__Problem details__
Retype each line of the data below exactly, beginning with the first and ending with the one that contains "Filesize=505KiB". Pictures do not belong in the copy.

○ ○ ○ ○

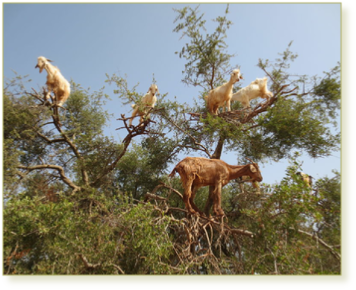 Great value desert tour from Casablanca 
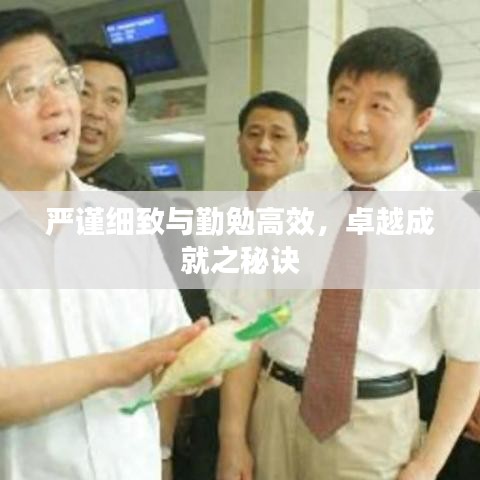 嚴謹細致與勤勉高效，卓越成就之秘訣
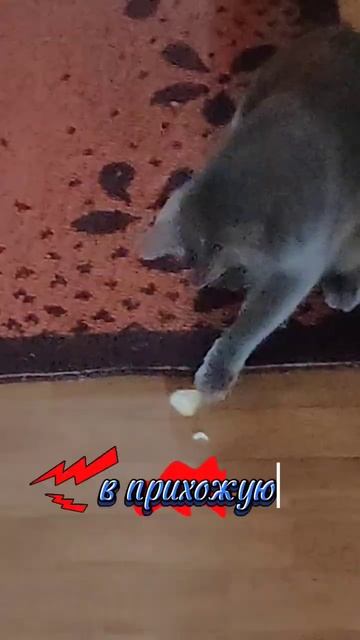 Пойду есть рыбу 😺 смотреть онлайн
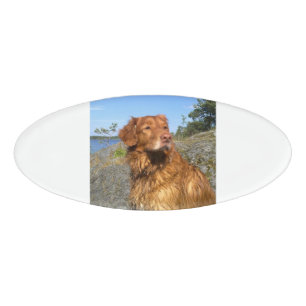 toller wet name tag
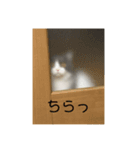 むぎ♡2（個別スタンプ：3）
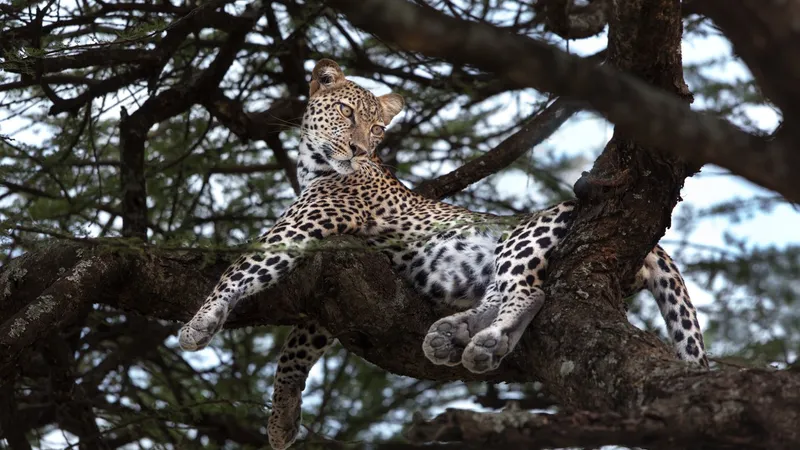 Leopard - Foto: Profimedia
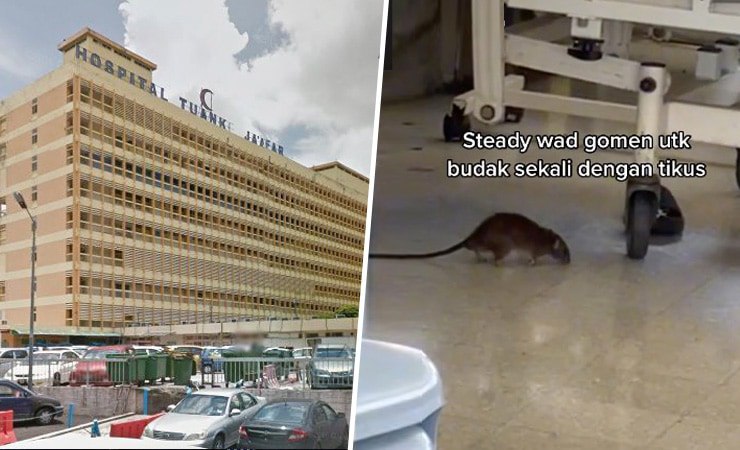 Di hospital pun banyak tikus! Tingkatkanlah kebersihan!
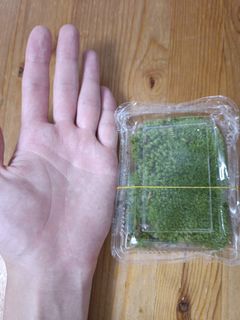 （分類：）位於 。 由 okbag 提交（商品編號 1241727728，圖片 1）。簡介： 。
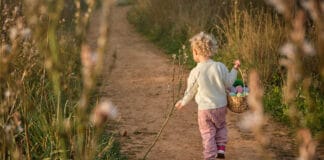 Der Ostereiergeheimcode im Volkspark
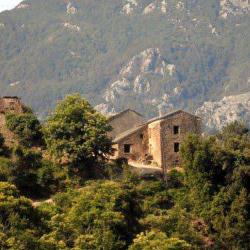 Monacia D'orezza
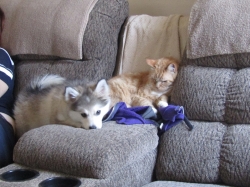 Filename=ted42503.jpg
Filesize=505KiB
Dimensions=1765x1324
Date added=Oct 31, 2025 ted42503.jpg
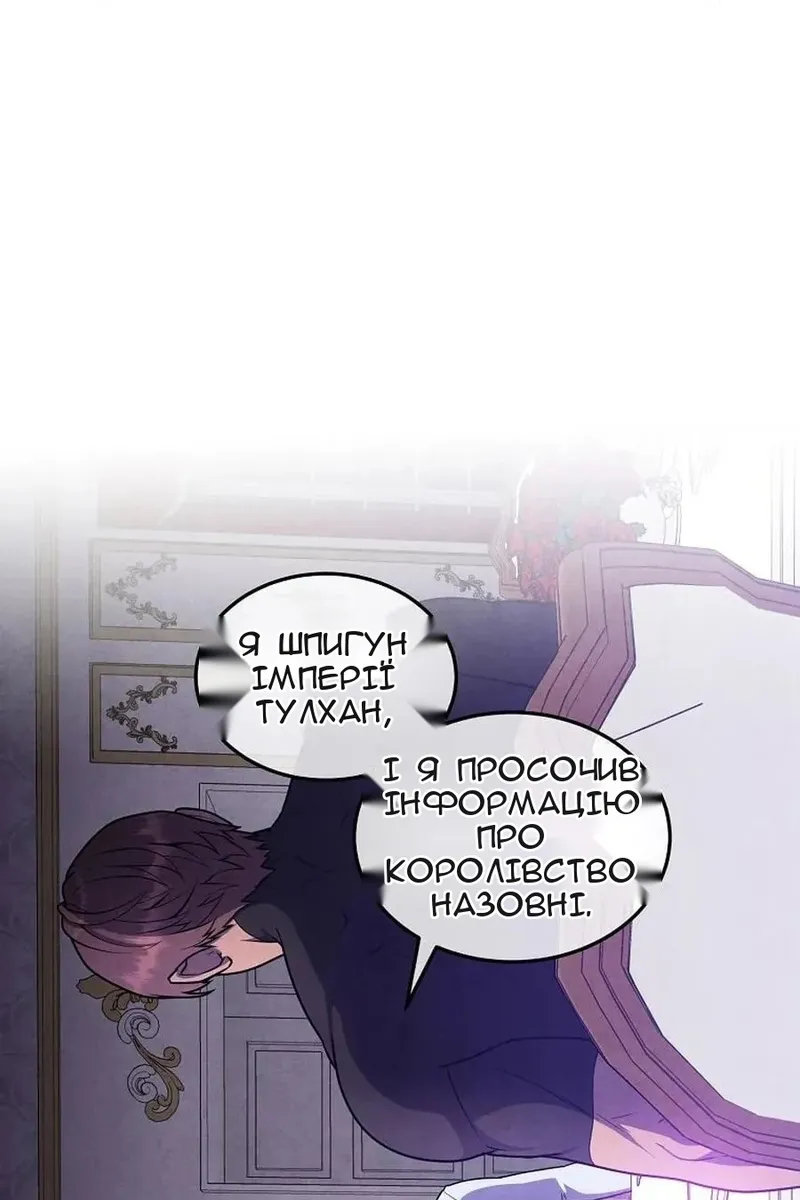 Сторінка 17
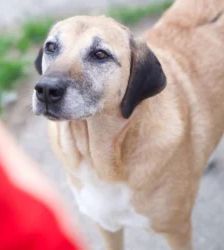 Sansa – Schäferhund-Mix, Weibchen, 109 Monate, 13057 Berlin – Foto 2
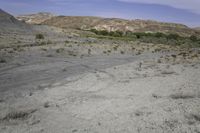 Utah Mountain Grass Plain: A Serene Day in Nature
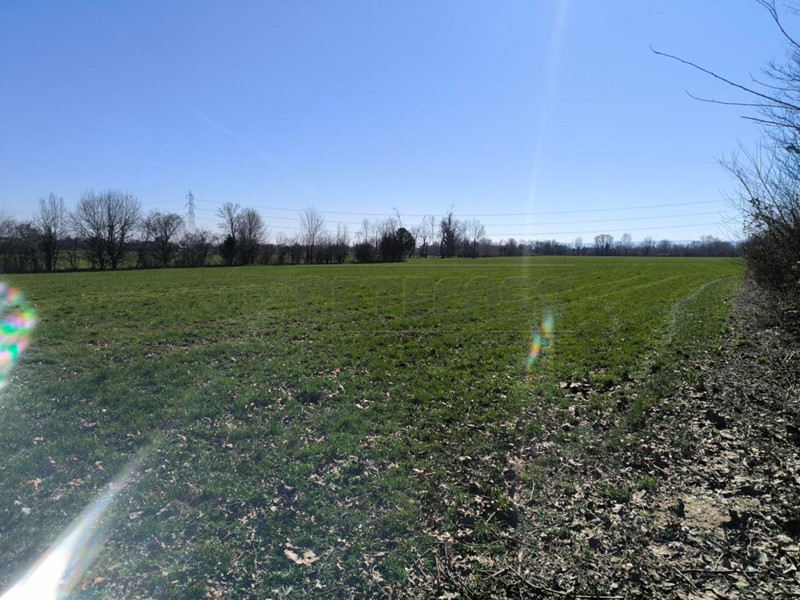 Terreno agricolo in Vendita a Montecchio Precalcino, 45'000€, 7710 m²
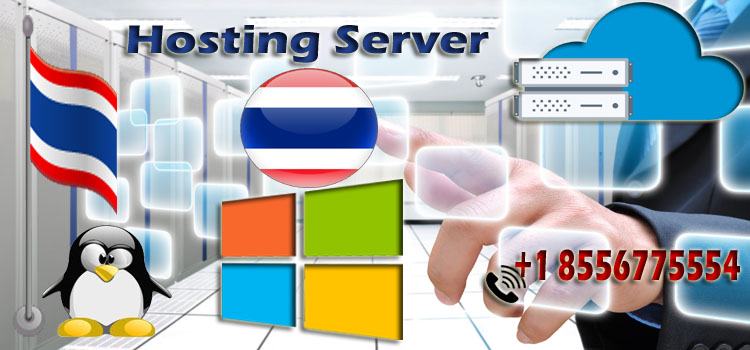 What type of Hosting Server will be beneficial to pick?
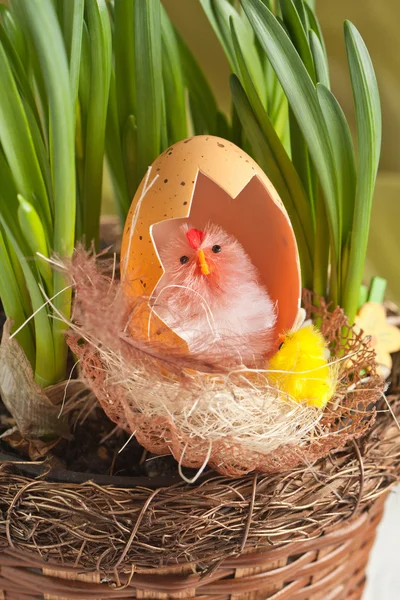 Chicken with eggshell in nest — Stock Photo, Image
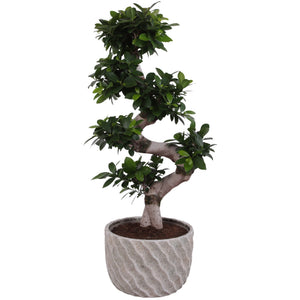 Ficus Ginseng Bonsai (Ficus microcarpa) – 27cm Ceramic Pot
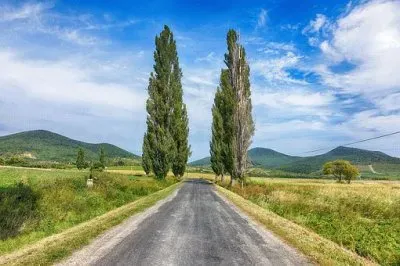 Imagem jigsaw puzzle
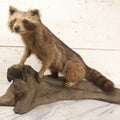 Lot 008 - Vintage Taxidermy Raccoon Mounted On Painted Base In Alert Pose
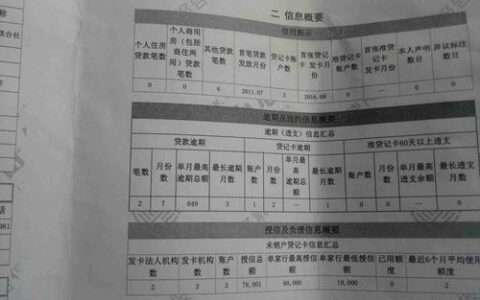 汽车抵押贷款看征信吗？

○ ○ ○ ○

__Written response__
 Great value desert tour from Casablanca 
 嚴謹細致與勤勉高效，卓越成就之秘訣
 Пойду есть рыбу 😺 смотреть онлайн
 toller wet name tag
 むぎ♡2（個別スタンプ：3）
 Leopard - Foto: Profimedia
 Di hospital pun banyak tikus! Tingkatkanlah kebersihan!
 （分類：）位於 。 由 okbag 提交（商品編號 1241727728，圖片 1）。簡介： 。
 Der Ostereiergeheimcode im Volkspark
 Monacia D'orezza
 Filename=ted42503.jpg
Filesize=505KiB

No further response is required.